Brexit-backing Wetherspoon has become the latest business to be hit by supply chain issues as the pub giant faces shortages of popular beer brands.
Carling and Coors are unavailable in some branches as supermarkets, pubs and restaurants continue to be plagued by supply problems caused by the coronavirus pandemic and a lack of lorry drivers in the wake of the UK’s exit from the EU.
Fast-food franchise McDonald’s ran out of milkshakes and bottled drinks in outlets across England, Scotland and Wales last week, while coffee chain Costa has seen supplies of panini and decaffeinated coffee beans affected.
Other big names including Greggs, Nando’s, KFC, Co-op and Iceland have also been hit by supply issues.
Britain’s departure from the European Union has contributed to a massive fall in the number of lorry drivers available to move goods, as have rising wages in their home countries, according to the boss of Tesco.
JD Wetherspoon founder Tim Martin was a vocal supporter of Brexit, and his pubs promoted the idea of the UK leaving the EU to drinkers during the referendum campaign.
Images shared on social media showed notices apparently put up in one Wetherspoon pub this week warning customers of a shortage of certain beers.

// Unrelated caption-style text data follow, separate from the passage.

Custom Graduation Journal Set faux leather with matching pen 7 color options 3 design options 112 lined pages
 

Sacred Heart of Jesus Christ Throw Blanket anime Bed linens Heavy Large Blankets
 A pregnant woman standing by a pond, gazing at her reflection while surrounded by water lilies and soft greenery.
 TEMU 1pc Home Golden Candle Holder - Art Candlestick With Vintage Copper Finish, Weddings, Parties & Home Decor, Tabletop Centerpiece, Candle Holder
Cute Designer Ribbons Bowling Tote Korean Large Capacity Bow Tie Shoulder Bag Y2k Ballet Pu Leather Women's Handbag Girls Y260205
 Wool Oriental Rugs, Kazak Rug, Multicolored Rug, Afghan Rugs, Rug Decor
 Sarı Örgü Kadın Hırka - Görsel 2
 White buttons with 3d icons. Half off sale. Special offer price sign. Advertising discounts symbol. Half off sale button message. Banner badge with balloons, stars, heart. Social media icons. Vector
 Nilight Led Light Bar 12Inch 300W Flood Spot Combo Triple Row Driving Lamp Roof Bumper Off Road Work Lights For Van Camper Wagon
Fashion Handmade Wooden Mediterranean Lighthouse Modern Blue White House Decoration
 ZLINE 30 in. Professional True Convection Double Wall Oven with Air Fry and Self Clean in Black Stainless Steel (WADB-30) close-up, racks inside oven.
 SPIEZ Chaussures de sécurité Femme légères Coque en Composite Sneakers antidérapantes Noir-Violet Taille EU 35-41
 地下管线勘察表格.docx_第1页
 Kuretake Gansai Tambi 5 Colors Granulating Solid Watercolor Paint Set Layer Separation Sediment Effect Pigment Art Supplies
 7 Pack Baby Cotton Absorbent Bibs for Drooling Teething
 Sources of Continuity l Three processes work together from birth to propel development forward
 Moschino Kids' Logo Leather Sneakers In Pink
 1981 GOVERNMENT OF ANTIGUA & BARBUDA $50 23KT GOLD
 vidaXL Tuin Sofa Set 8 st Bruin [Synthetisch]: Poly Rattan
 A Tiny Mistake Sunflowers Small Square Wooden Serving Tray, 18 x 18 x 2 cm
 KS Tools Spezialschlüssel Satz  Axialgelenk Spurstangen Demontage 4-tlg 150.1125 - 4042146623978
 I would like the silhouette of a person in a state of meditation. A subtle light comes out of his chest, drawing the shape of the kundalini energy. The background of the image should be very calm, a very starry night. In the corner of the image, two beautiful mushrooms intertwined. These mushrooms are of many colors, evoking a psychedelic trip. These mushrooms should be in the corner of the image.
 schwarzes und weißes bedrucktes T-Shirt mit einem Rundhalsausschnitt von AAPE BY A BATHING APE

Graham Hughes shared a photo on Twitter of a sign that said: “We regret to inform you that we are out of stock of Carling, Coors and Bud Light.
“Due to supply issues regards to lack of lorry drivers and strike action which are out of our control [sic].”
JD Wetherspoon spokesman Eddie Gershon confirmed the chain was experiencing supply issues.
He said in a statement: “We are experiencing some supply problems with both Carling and Coors, which means that some pubs do not have the products available.
“We apologise to our customers for any inconvenience caused.
“We know that the brewers are trying to resolve the issue.”
The Road Haulage Association (RHA) has estimated that up to 20,000 HGV drivers from the EU left during the Brexit process – adding to a crisis which has left the country short of around 100,000 lorry drivers overall.
Reports suggest the “pingdemic” caused by coronavirus self-isolation requirements has also been a factor, while McDonald’s and others have been hit by a shortfall in manufacturing workers.